Capture Changed Data from Oracle

Problem

You need to load changed data from an Oracle database, with the eventual purpose of updating a dimension table in a star schema.

Solution

Create and run a job that contains an Oracle CDC transformation. The source table contains changed data from an Oracle database. A control table is used to prevent the updates of target rows that were updated in a previous run.
The steps in the following Tasks section assume that the Oracle base table was previously loaded into the dimension table in a separate job. The example job in the task section also assumes that a third job loads the CDC target table into the dimension table using the SCD Type 2 Loader. The SCD Type 2 Loader was not included in this example job as a matter of simplicity. To see an example that uses the SCD Type 2 Loader, refer to Loading a Dimension Table with Type 1 and 2 Updates.
The source changed data table from Oracle contains all of the inserts, updates, and deletes that have occurred since the last time the dimension table was loaded.
To accommodate database deletes, the Oracle CDC transformation calculates new end dates for the corresponding rows in the dimension table. (The dimension table retains a history of data changes by closing-out records, rather than deleting them.)

Tasks

Prerequisites

Perform the following steps to prepare your Oracle source changed data table and control table:
  1. Fulfill the prerequisites for changed data capture, as defined in Prerequisites for Change Data Capture.
  2. Use Oracle tools to create the source changed data table. Typical implementations use database triggers or log mining. Typical tools are the Oracle Data Integrator or the Oracle Log Miner.
  3. Specify a library for the Oracle source table. For more information, see the SAS Intelligence Platform: Data Administration Guide.
  4. To create the control table, select Newthen selectTable.
  5. In the New Table Wizard, create a new table without columns. Specify a table name and a library, and then click Next until you can select Finish. The Oracle CDC transformation provides column definitions when you run the job.

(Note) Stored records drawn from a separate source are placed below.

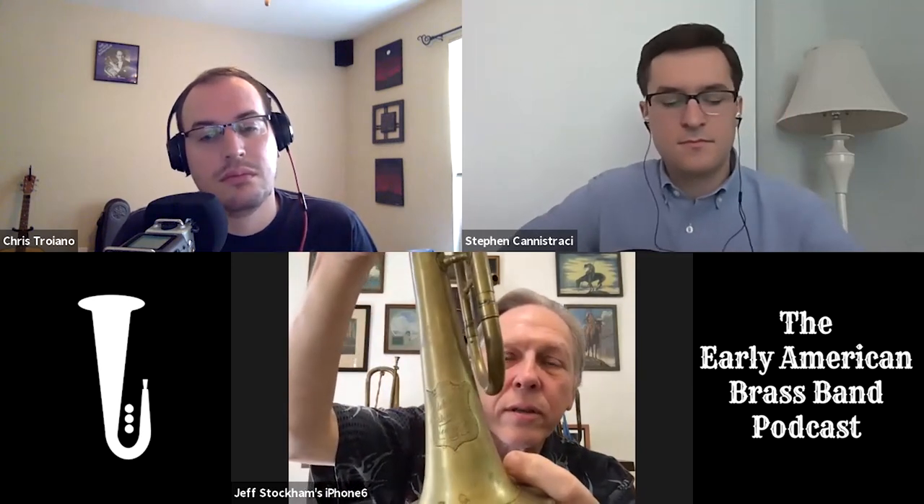This instrument was made by John F. Stratton of New York. He was a major manufacturer of brass band instruments during the Civil War period - he got rich selling brass band instruments and bugles to the Union Army. His business was one of the first big examples of moving manufacturing to cut costs: he moved his factory from New York to Bohemia because the labor was cheaper. He had one of the largest factories in Europe at the time. A lot of the instruments you see in photos of Civil War bands with over-the-shoulder horns are John F. Stratton instruments.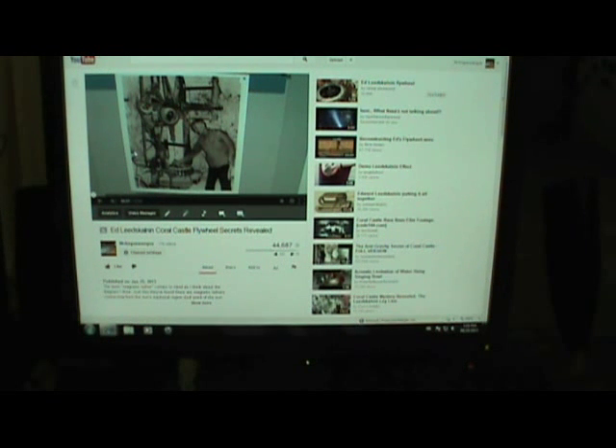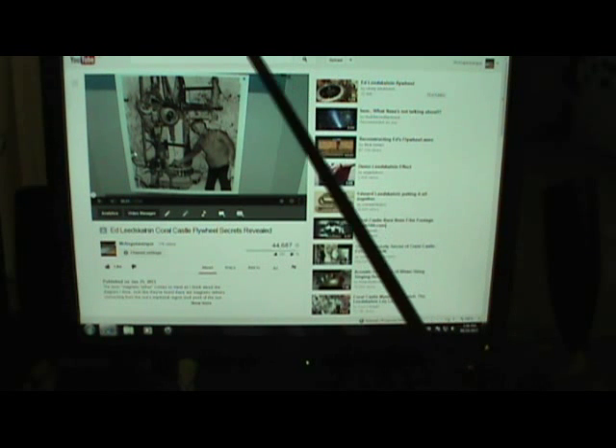Hello YouTube, this is Mr. Angus Wangus making another video. This is sort of a follow-up to a previous video I made almost a year ago now, called 'Ed Leedskalnin Coral Castle Flywheel Secrets Revealed.' That video was itself replacing a video I took down from a year prior to that, so approximately two years ago I've been talking about this homopolar effect for Ed's wheel.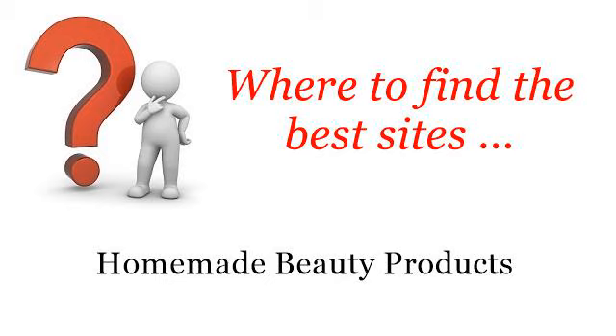Where to find the best sites about homemade beauty products? Hello! You want more information about how to make peppermint rosemary foot spray? These selected resources on the web might help you.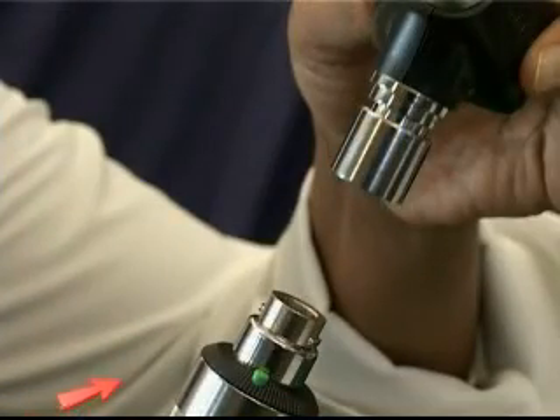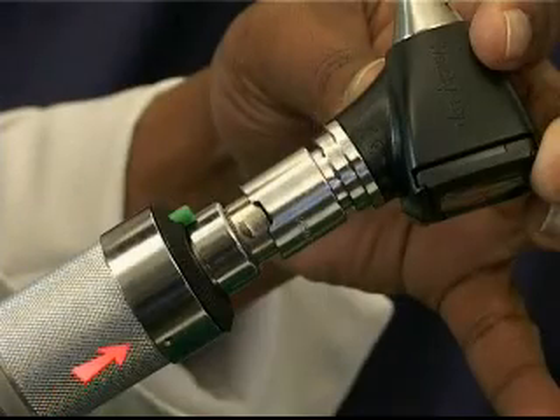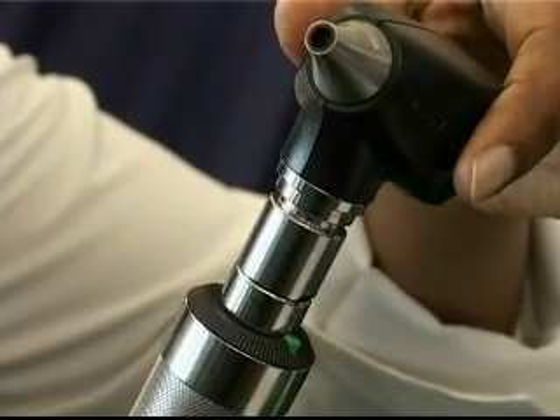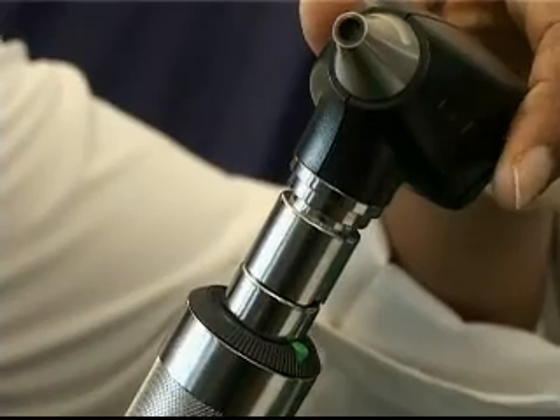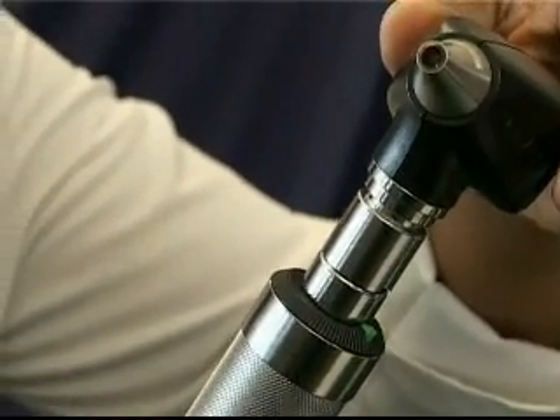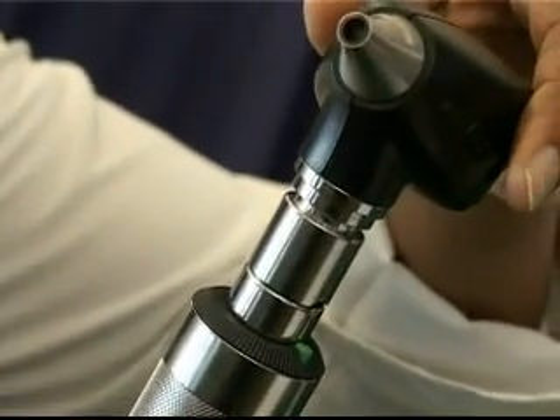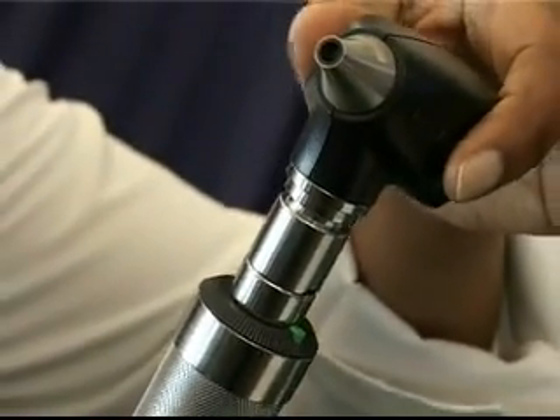There are two locating pins on the neck of the power handle, and on each attachment there are two slots. Ensure that these are located opposite each other when attaching any head to the power handle. Gently push down and twist to the right for attaching, and gently push down and twist to the left to remove an attachment.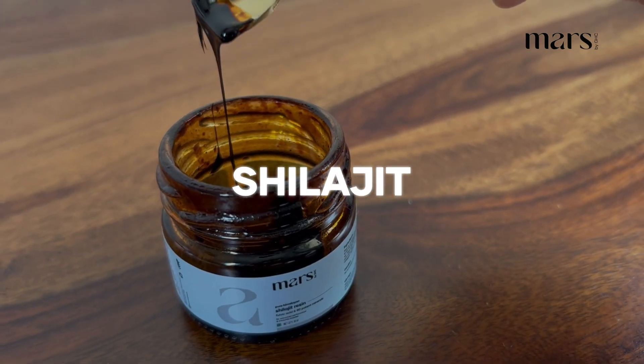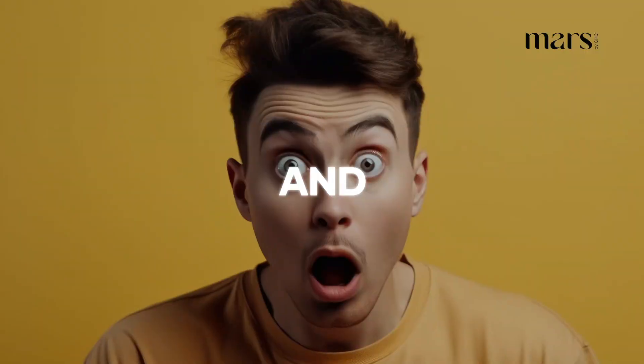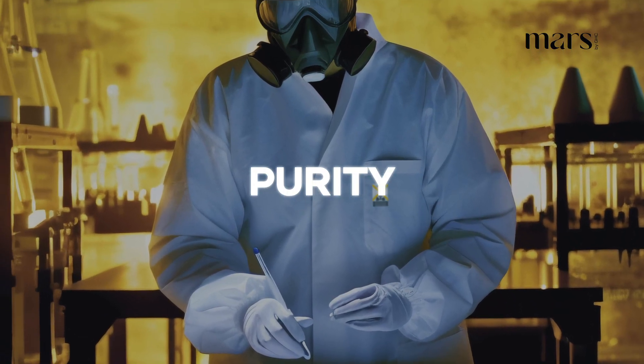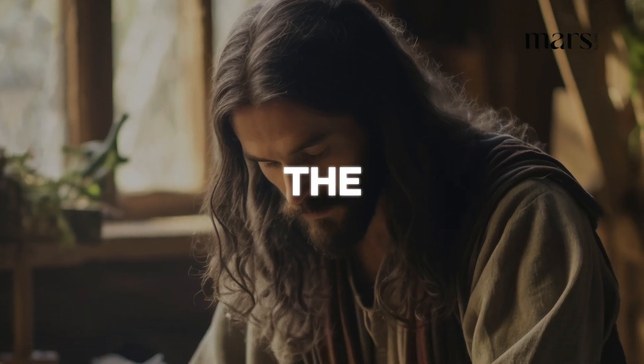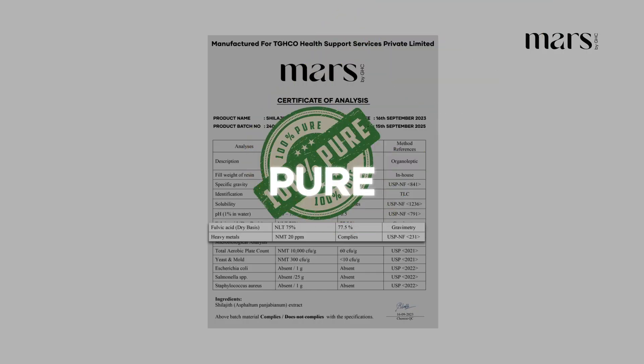This is Mars Pure Himalayan Shilajit Resin, trusted by thousands across the globe. And you know why? It has a certificate of analysis that proves its purity. This Shilajit is carefully sourced from the majestic Himalayan range. It has undergone the 5,000-year-old Shodhana process and is 100% pure.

Create and Populate the Job

Perform the following steps to create and populate a job that loads data by using an Oracle changed data table and control table:
  1. Create an empty SAS Data Integration Studio job.
  2. In the Transformations tree, in the Change Data Capture folder, drag the Oracle CDC transformation into the empty job in the Diagram tab.
  3. Select and drag the source changed data table from its folder and drop it before the Oracle CDC transformation on the Diagram tab. In the example job, the source table is named Oracle Changed Data US Males.
  4. Drag the cursor from the source table to the input port of the Oracle CDC transformation. This action connects the source to the transformation.
  5. Select and drag the control table from its folder and drop it before the Oracle CDC transformation in the Diagram tab. In this example job, the control table is named CDC Control Table US Males.
  6. Drag the cursor from the control table to the input port of the Oracle CDC transformation. This action connects the control table to the transformation. Note that the CDC transformation reads the control table without loading any of its data into the target.
  7. Because you want to store the output of the transformation in a permanent target table, right-click the temporary work table that is attached to the transformation and select Replace. Then, use the Table Selector window to select the target table for the job. The target table must be registered in SAS Data Integration Studio. (For more information about temporary work tables, see Working with Default Temporary Output Tables.)
  8. Drag the target table from its folder and drop it after the Oracle CDC transformation on the Diagram tab. In this example, the name of the target is US Males SCD-Ready.
  9. Drag the cursor from an output port of the Oracle CDC transformation to the target table. This action connects the transformation to the target. The following example shows the sample process flow.
    Sample Oracle CDC Process Flow Diagram
    Sample Oracle CDC Process Flow Diagram

Configure Row Processing

Perform the following steps to specify how rows from the source changed data table are processed for application to the target.
  1. Open the properties window of the Oracle CDC transformation and select the Options tab.
  2. For the option Process Rows by Action, select the value Process Rows by Action. Selecting this option indicates that delete processing instructions in the source changed data table are to be processed by updating an end date/time column in the target.
  3. For the option End Date Calculation, accept the default value, which is used to calculate the date/time value that is added to the target to close-out deleted rows.
  4. For the option Select the End Date Column, click the Browse button and select the numeric column that contains end date/time values. The following display depicts the completed row processing options.
    Row Processing Options
    Row Processing Options

Configure the Use of the Control Table

Perform the following steps to configure the Oracle CDC transformation to use the control table.
  1. On the Options tab, click Control Table Settings in the left panel.
  2. For the option Use a control table in the CDC process, select the value Use a control table.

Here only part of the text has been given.